The United States has since February this year provided Ukraine with a range of military aid – from assault rifles and 5.56mm ammo right up to world leading intelligence, surveillance & reconnaissance capacity and its unique, Palantir-based 'algorithmic warfare' system.

Yet the weapons that have done most to prevent Ukrainian collapse on the battlefield can be split into four types: 155mm artillery and rounds; Anti Tank Guided Missiles (such as Javelins); Multiple Launch Rocket Systems (such as HIMARS) and the rockets for them; Man Portable Air Defence Systems (such as Stingers) and missiles for them.

The table linked here and placed below shows that inventories have been run down so much by supply to Ukraine that they will take a minimum of two and a half years to replace, and as many as seven years, even based on surge manufacture programmes.

Find this table at the CSIS website: https://www.csis.org/analysis/rebuilding-us-inventories-six-critical-systems

The US has provided Ukraine over one million 155mm artillery rounds of various types. At current rates of manufacture, the Pentagon would never be able to refill its inventories. Washington therefore plans to surge its capacity to 40,000 rounds a month – but only by 2025. Even this would satisfy only one third of Ukrainian needs, according to CSIS. This means that the US is going to have to procure 155mm ammo from beyond NATO – and it has already started doing so, from countries such as South Korea and Pakistan.

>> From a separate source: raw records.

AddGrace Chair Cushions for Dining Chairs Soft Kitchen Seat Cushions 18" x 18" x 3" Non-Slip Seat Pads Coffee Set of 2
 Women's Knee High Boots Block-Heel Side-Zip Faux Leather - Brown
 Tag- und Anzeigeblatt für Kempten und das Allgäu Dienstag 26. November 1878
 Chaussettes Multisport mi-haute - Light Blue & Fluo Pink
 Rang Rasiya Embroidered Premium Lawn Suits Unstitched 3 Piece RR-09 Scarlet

Given Europe has similarly reached its limits, other countries are also going to have to produce more in the medium term. Further, the US is in the meantime sending 105mm artillery and ammo (with less range and effectiveness) to close the gap. It seems, however, that given the supply constraints, Ukraine might have to start rationing use eventually.

The situation with Excalibur precision 155mm rounds is even worse. These high-tech rounds use a GPS guidance system to adjust their flight to the target and can thus achieve a tremendous degree of accuracy. The problem is that Washington has been sending Ukraine its annual production every month and, per CSIS, might soon run out of Excalibur rounds to send.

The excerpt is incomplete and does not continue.